Re: [zfs-discuss] memory hog

2008-06-23 Thread James C. McPherson
Edward wrote:
 So does that mean ZFS is not for consumer computer?

Not at all. Consumer computers are plenty powerful enough
to use ZFS with.


 If ZFS require 4GB of Ram for operation, that means i will
 need  8GB+ Ram if i were to use Photoshop or any other memory
 intensive application?

ZFS doesn't require 4Gb of ram. That's merely a recommendation
of the amount you might want installed in your system - a subtle
difference :-)

 And it seems ZFS memory usage scales with the amount of HDD space?
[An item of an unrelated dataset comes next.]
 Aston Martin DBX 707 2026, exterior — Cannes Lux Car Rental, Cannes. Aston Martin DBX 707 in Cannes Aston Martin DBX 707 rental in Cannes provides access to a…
I'm not quite sure how to address this, could you re-phrase
your question please?

You might find this wiki page useful
http://www.solarisinternals.com/wiki/index.php/ZFS_Configuration_Guide,
along with the others that it points to.


James C. McPherson
--
Senior Kernel Software Engineer, Solaris
Sun Microsystems
http://blogs.sun.com/jmcp   http://www.jmcp.homeunix.com/blog
___
zfs-discuss mailing list
zfs-discuss@opensolaris.org
http://mail.opensolaris.org/mailman/listinfo/zfs-discuss


Re: [zfs-discuss] memory hog

2008-06-23 Thread Erik Trimble
Edward wrote:
 So does that mean ZFS is not for consumer computer?
 If ZFS require 4GB of Ram for operation, that means i will need  8GB+ Ram if 
 i were to use Photoshop or any other memory intensive application?

   
No.  It works fine on desktops - I'm writing this on an older Athlon64 
with 1GB.   Memory pressure does seem to become a bit more of an issue 
when I'm doing more I/O on the box (which, I'm assuming, is due to the 
various caches), so for things like compiling, I feel a little cramped.  
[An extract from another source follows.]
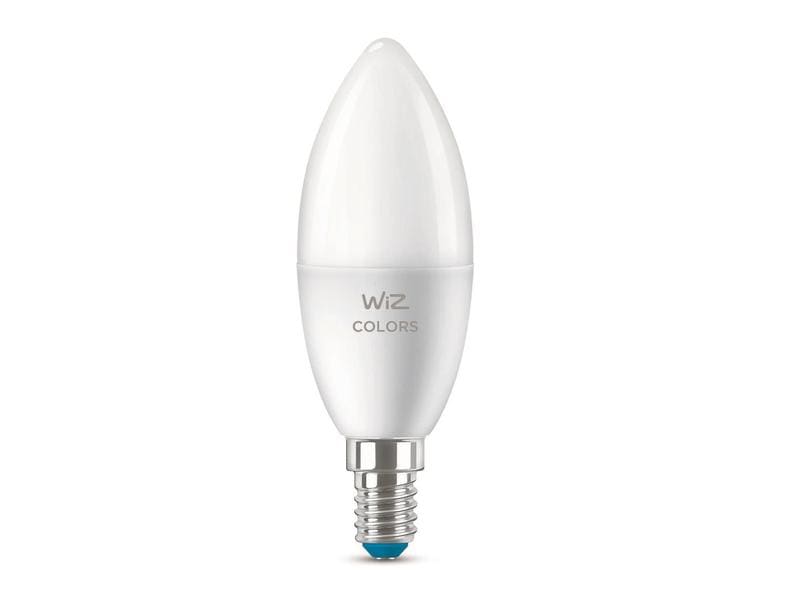 WiZ | Lampe B35 | E14 4.8W 470lm 2200-6500K, RGB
Personally, (in my experience only), I'd say that ZFS works well for use 
on the desktop, ASSUMING you dedicate 1GB of RAM to solely the OS (and 
ZFS).  For very heavy I/O work, I think at least 2GB is a better idea.
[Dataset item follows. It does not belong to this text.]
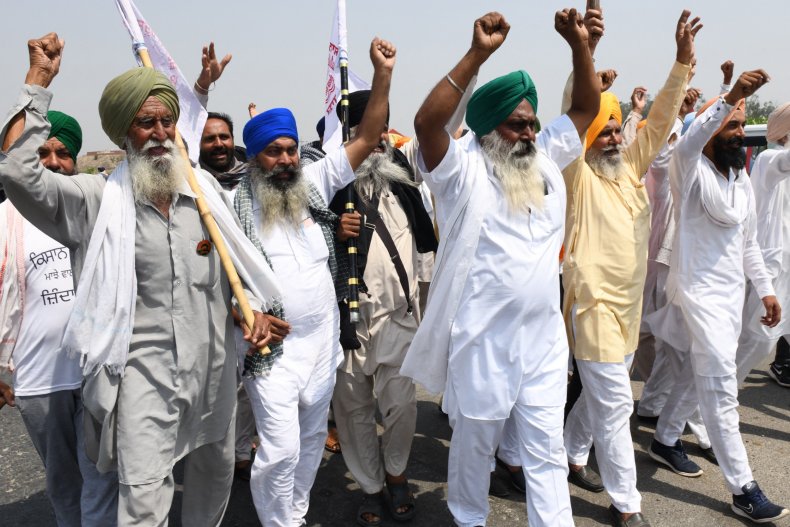 INDIA-POLITICS-FARMERS-PROTEST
So, size your total memory accordingly.

 And it seems ZFS memory usage scales with the amount of HDD space?
   
I think the more proper thing to say is that ZFS memory usage is 
relative to the amount of I/O you are doing.  Very heavy I/O uses much 
more RAM.  It is not per se connected to total size of the pool.

That is, if I've got several TB of disk in a zpool, but I'm doing only 
10 op/sec,  it will consume much less RAM than if I have a 100GB zpool, 
but I'm trying to do 1000 ops/sec.

-- 
Erik Trimble
Java System Support
Mailstop:  usca22-123
Phone:  x17195
Santa Clara, CA
Timezone: US/Pacific (GMT-0800)

___
zfs-discuss mailing list
zfs-discuss@opensolaris.org
http://mail.opensolaris.org/mailman/listinfo/zfs-discuss


Re: [zfs-discuss] memory hog

2008-06-23 Thread Kaiwai Gardiner
Erik Trimble wrote:
 Edward wrote:
   
 So does that mean ZFS is not for consumer computer?
 If ZFS require 4GB of Ram for operation, that means i will need  8GB+ Ram if 
 i were to use Photoshop or any other memory intensive application?

   
 
 No.  It works fine on desktops - I'm writing this on an older Athlon64 
 with 1GB.   Memory pressure does seem to become a bit more of an issue 
 when I'm doing more I/O on the box (which, I'm assuming, is due to the 
 various caches), so for things like compiling, I feel a little cramped.  

 Personally, (in my experience only), I'd say that ZFS works well for use 
 on the desktop, ASSUMING you dedicate 1GB of RAM to solely the OS (and 
 ZFS).  For very heavy I/O work, I think at least 2GB is a better idea.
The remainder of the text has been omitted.